癖になってしまうといった体のもの

 「片岡義男の文章の魅力は、不愛想でごつごつした感じで、最初は抵抗を感じるものの、読んでいるうちに慣れてきて、むしろ癖になってしまうといった体のものだ。」という文は、日本語として不自然さを感じさせるだろうか。昨日、片岡義男について書いている過程でできた文なのだが、結局は書き直してしまった。「体(てい)」と「癖になる」という言葉の使い方が気になったのだ。
 「体」のこのような使い方は時々見かけるように思うが、最近の辞書はこのような用法を認知しているだろうか。手元にある三省堂の『スーパー大辞林3.0』では、

①外から見た有り様。様子。「風になびく―に描く」
②みせかけの様子。体裁。「―の良い逃げ口上」
③名詞などの下について接尾語的に用いられ、…のようなもの、…ふぜいなどの意を表す。「職人―の男」

となっている。どれも、僕の使い方とぴったりとは重ならない。冒頭に掲げたような使い方には違和感を覚える人がいるかもしれない。
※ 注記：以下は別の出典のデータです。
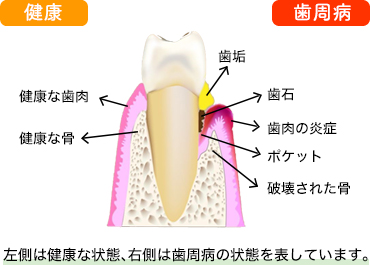 日本臨床歯周病学会 | 歯周病とは？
 「癖になる」については、こういう用法は普通になっていて、抵抗を感じない人が多いのではないか。『スーパー大辞林3.0』には、「癖になる」が成句として取り上げられているが、その意味は、

習慣になる。特に、よくない習慣になる。「甘やかすと――る」

となっている。片岡義男の文章をたくさん読み続けることは、決して「よくない習慣」ではないだろう。「美味しくて癖になる」とか「気持ちよくて癖になる」のような用例を採録し、「好ましく感じてやめられなくなる(病みつきになる)」というような語義を載せる辞書があってもよさそうだ。

 

■追記(3月12日)

今日、小林秀雄の「喋ることと書くこと」という文章の中に、次のような一文があるのを見つけた。

人生の大事とは、物事を辛抱強く吟味する人が、生活の裡に、忽然と悟るていのものであるから、たやすくは言葉には現せぬものだ。

上の「てい」は漢字をあてれば「体」または「態」だろう。